Exactly as they appear below, repeat the lines from the one with "Salud Sinaloa ubica" through the one with "Alissa White-Gluz photo 2 of 1541", and no others.

»»

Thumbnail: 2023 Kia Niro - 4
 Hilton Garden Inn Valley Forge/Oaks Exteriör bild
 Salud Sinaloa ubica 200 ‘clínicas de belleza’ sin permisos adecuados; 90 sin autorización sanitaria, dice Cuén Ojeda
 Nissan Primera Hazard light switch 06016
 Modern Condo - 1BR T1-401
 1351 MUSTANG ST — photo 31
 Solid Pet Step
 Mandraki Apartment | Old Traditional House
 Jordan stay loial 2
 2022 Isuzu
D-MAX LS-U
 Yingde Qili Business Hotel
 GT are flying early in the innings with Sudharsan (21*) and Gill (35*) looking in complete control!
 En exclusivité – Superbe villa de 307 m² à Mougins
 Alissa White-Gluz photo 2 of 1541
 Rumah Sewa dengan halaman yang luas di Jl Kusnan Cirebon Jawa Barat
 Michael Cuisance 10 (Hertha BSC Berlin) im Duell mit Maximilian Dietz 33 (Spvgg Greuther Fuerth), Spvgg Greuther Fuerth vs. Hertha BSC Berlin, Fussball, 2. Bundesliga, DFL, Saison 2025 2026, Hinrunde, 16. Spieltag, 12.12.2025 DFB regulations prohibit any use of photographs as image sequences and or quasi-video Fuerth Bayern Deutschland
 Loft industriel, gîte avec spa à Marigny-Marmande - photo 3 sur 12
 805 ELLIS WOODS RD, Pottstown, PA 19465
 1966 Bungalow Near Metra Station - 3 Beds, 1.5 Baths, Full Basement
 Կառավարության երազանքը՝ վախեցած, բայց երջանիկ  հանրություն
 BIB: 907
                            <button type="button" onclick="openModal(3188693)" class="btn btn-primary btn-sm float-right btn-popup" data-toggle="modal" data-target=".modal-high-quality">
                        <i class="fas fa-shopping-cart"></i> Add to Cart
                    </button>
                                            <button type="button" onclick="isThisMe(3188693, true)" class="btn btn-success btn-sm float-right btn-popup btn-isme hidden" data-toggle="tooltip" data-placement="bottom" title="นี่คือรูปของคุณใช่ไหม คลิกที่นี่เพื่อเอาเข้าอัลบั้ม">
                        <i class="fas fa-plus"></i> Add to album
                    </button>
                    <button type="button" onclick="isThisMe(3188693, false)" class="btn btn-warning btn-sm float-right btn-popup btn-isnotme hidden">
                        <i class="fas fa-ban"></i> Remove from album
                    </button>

««

> [Worked solution]
 Salud Sinaloa ubica 200 ‘clínicas de belleza’ sin permisos adecuados; 90 sin autorización sanitaria, dice Cuén Ojeda
 Nissan Primera Hazard light switch 06016
 Modern Condo - 1BR T1-401
 1351 MUSTANG ST — photo 31
 Solid Pet Step
 Mandraki Apartment | Old Traditional House
 Jordan stay loial 2
 2022 Isuzu
D-MAX LS-U
 Yingde Qili Business Hotel
 GT are flying early in the innings with Sudharsan (21*) and Gill (35*) looking in complete control!
 En exclusivité – Superbe villa de 307 m² à Mougins
 Alissa White-Gluz photo 2 of 1541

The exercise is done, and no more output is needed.